[[ Material for this task open ]]

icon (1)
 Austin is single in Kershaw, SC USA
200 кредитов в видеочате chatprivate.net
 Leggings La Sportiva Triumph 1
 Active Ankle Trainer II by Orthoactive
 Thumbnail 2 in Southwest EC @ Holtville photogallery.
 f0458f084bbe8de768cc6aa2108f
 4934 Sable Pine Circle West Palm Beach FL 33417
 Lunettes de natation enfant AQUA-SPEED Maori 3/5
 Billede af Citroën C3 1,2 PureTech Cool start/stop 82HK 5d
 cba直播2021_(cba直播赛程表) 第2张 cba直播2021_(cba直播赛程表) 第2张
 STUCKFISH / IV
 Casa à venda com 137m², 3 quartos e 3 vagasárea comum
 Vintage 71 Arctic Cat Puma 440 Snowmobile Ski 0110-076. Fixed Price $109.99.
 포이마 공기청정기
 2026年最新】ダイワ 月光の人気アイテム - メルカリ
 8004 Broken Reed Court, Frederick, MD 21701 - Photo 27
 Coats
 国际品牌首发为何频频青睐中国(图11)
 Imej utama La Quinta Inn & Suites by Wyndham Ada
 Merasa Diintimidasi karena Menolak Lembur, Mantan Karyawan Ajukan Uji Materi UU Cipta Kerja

[[ Material for this task closed ]]

Your assignment.
Exactly and exclusively, repeat the lines from the line that contains "Vintage 71 Arctic" through the end of the records, both ends included.

Response to the task.
 Vintage 71 Arctic Cat Puma 440 Snowmobile Ski 0110-076. Fixed Price $109.99.
 포이마 공기청정기
 2026年最新】ダイワ 月光の人気アイテム - メルカリ
 8004 Broken Reed Court, Frederick, MD 21701 - Photo 27
 Coats
 国际品牌首发为何频频青睐中国(图11)
 Imej utama La Quinta Inn & Suites by Wyndham Ada
 Merasa Diintimidasi karena Menolak Lembur, Mantan Karyawan Ajukan Uji Materi UU Cipta Kerja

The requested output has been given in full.